Task to complete ::
The answer must reproduce every record exactly, with all pictures omitted.
-- Exercise data follows --
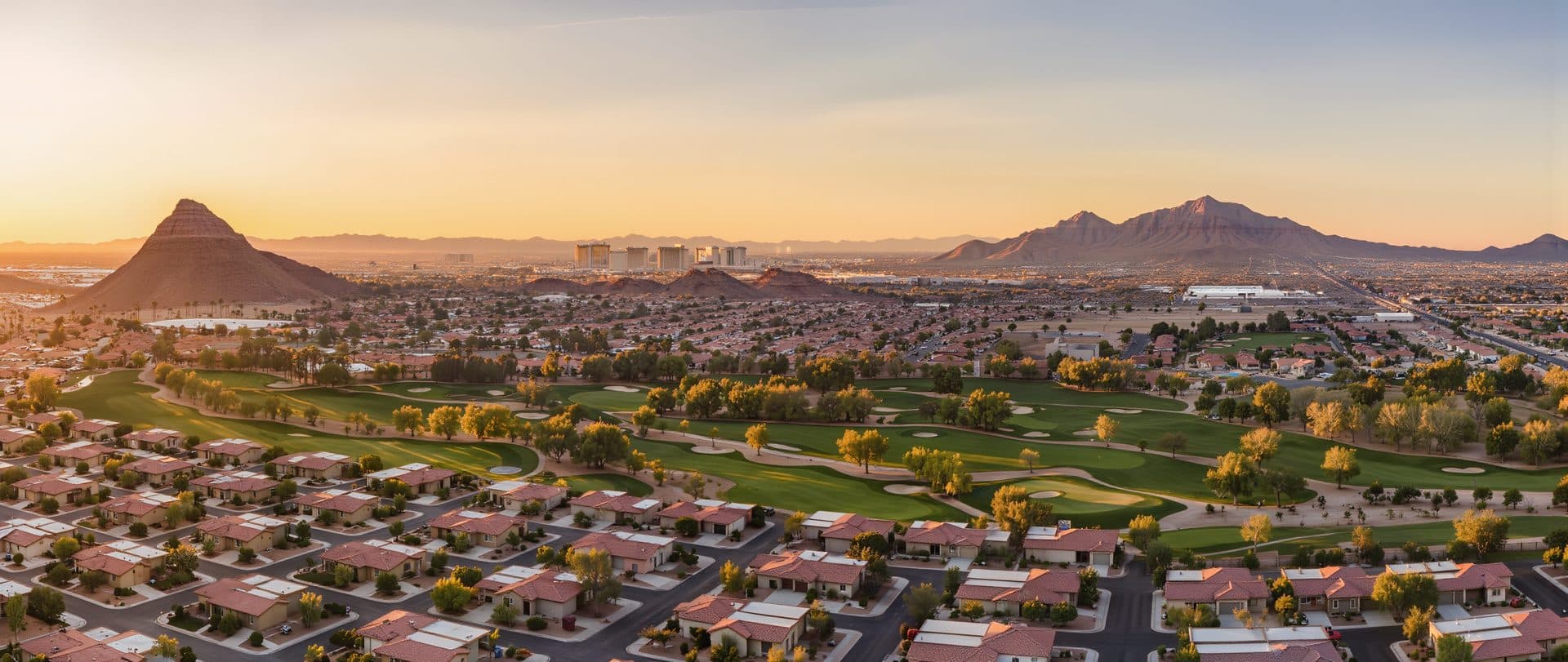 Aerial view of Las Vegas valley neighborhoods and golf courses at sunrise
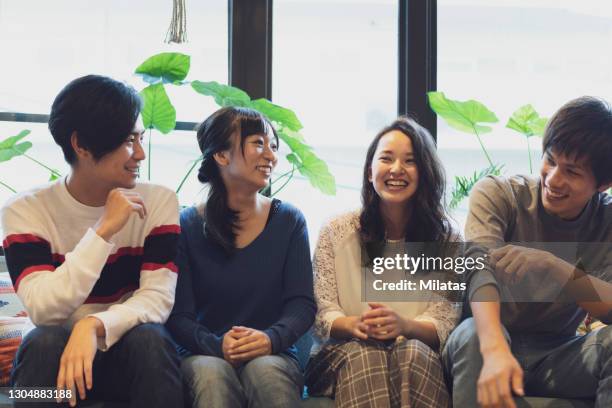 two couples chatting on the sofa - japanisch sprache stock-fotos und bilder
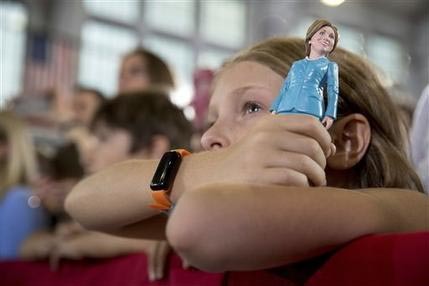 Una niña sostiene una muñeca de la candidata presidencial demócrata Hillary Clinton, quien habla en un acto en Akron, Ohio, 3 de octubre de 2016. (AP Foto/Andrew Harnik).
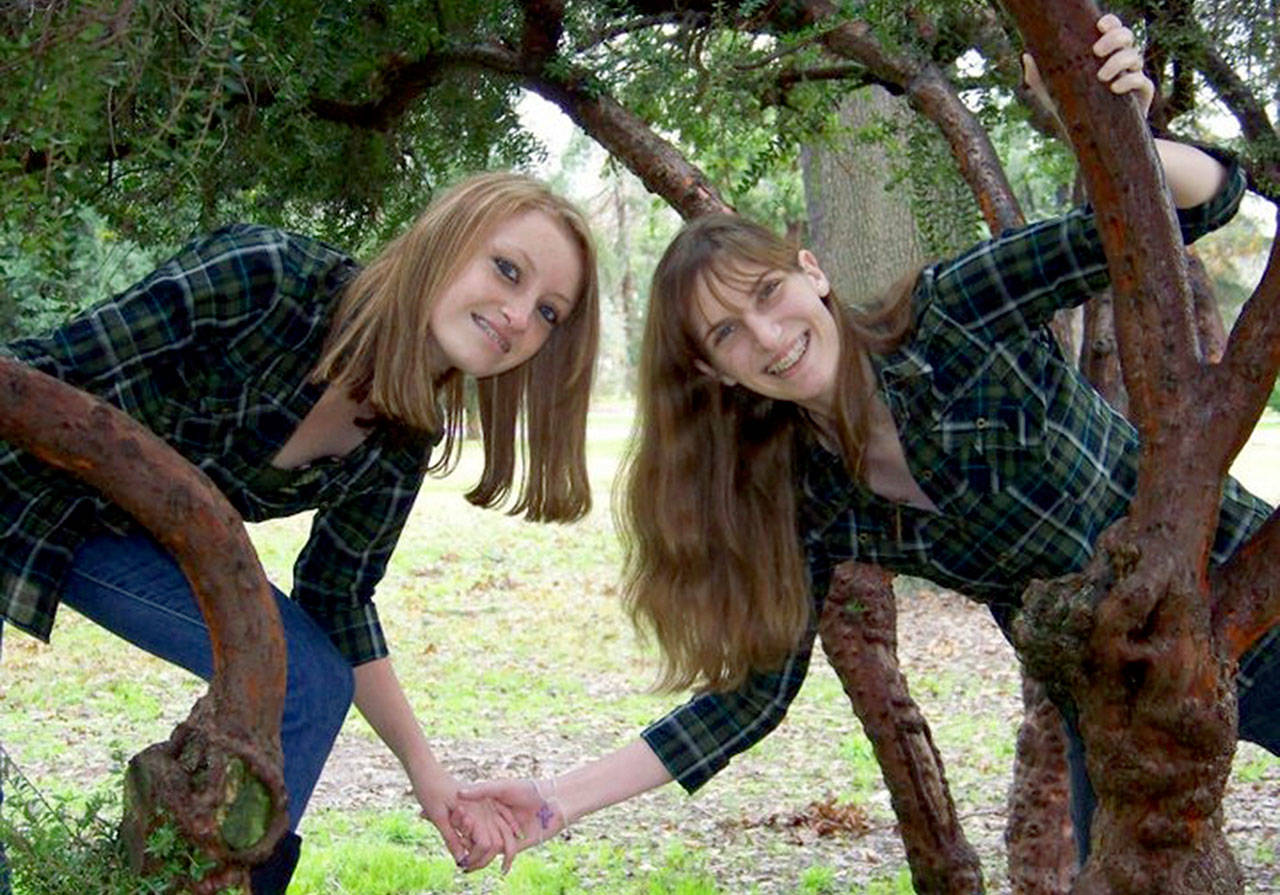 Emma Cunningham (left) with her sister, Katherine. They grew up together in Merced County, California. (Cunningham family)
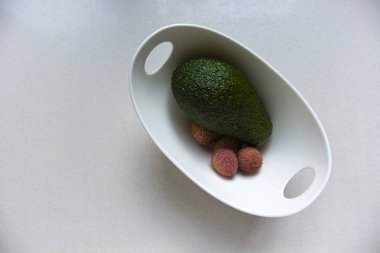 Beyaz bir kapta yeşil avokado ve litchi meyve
-- Exercise data concluded --
Response box ::
 Aerial view of Las Vegas valley neighborhoods and golf courses at sunrise
 two couples chatting on the sofa - japanisch sprache stock-fotos und bilder
 Una niña sostiene una muñeca de la candidata presidencial demócrata Hillary Clinton, quien habla en un acto en Akron, Ohio, 3 de octubre de 2016. (AP Foto/Andrew Harnik).
 Emma Cunningham (left) with her sister, Katherine. They grew up together in Merced County, California. (Cunningham family)
 Beyaz bir kapta yeşil avokado ve litchi meyve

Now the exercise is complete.